A Preserved Cesnica or Serbian Christmas Bread

Cesnica or Serbian Christmas Bread

© 2009 Barbara Rolek licensed to About.com, Inc.
This recipe for cesnica differs from Cesnica Recipe #1 and Cesnica Recipe #2 in that the dough has a touch of sweetness. The common tie among them is the silver coin baked inside. Whoever finds it will have good luck in the coming year.

Makes 1 large Cesnica or 12 servings

Prep Time: 20 minutes

Cook Time: 1 hour, 30 minutes

Total Time: 1 hour, 50 minutes


  • 2 cups milk, warmed to 105 degrees
  • 4 teaspoons active dry yeast
  • 4 tablespoons sugar
  • 4 large egg yolks (reserve the whites)
  • 4 ounces (1 stick) softened butter
  • 1/2 teaspoon salt
  • Sterilized silver coin
  • .
  • Sculpting Dough:
  • 1 cup all-purpose flour
  • 1 large egg yolk
  • Milk as needed


  1. In the bowl of a stand mixer or other large bowl, combine warm milk and yeast until dissolved. Add sugar and let stand 10 minutes. Add remaining ingredients and mix thoroughly. Knead 7 to 10 minutes by machine and 15 minutes by hand until a smooth, stiff dough forms and pulls away from the sides of the bowl and your fingers.

  2. Place dough in a bowl that has been lightly coated with cooking spray, turning once to coat both sides. Cover and let rise until doubled. If, when the dough is touched lightly in the center, it springs back, it needs to rise more.
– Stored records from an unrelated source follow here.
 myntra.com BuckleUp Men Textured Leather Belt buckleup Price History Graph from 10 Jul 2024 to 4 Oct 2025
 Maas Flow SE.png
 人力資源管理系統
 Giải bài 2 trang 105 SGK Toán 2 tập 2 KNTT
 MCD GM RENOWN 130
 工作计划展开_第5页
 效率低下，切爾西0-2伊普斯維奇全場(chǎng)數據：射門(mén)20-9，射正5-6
  3. Lightly coat a deep round baking pan or the ceramic liner from a small slow cooker with cooking spray. Punch down dough and knead a few minutes to release any air bubbles. Transfer to prepared pan and tuck a sterilized silver coin in the dough. Cover and let rise until doubled.

  4. Meanwhile, make the sculpting dough (a nonrising dough that will retain its shape when baked) for the decorations. In a small bowl, mix flour, yolk and enough milk to make a pliable dough. Pinch off pieces and roll by hand to create the decorations.

  5. Heat the oven to 400 degrees. When the bread has risen, dip the decorations in the reserved egg whites and "glue" them on. Typically, the bread is divided into quadrants with a braided rope or flat piece of dough in the shape of a cross. Religious symbols, or shapes denoting the occupation or hobby of members of the household, are placed in the four quadrants. A braided rope or flat ribbon of dough around the circumference of the bread is the final touch.

  6. Brush the entire top of the bread lightly, sculptures and all, with egg white. Bake at 400 degrees for 10 minutes, then cover loosely with a foil tent and reduce the heat to 350 degrees and bake 50 to 60 minutes or until an instant-read thermometer registers 190 degrees. Cool in the pan for 10 minutes, then turn out onto a wire rack to cool completely.

  7. The bread takes a place of honor on the Christmas table along with sprouted wheat that was planted on St. Nicholas Day, walnuts, dried fruit, fresh fruit, and a lighted candle.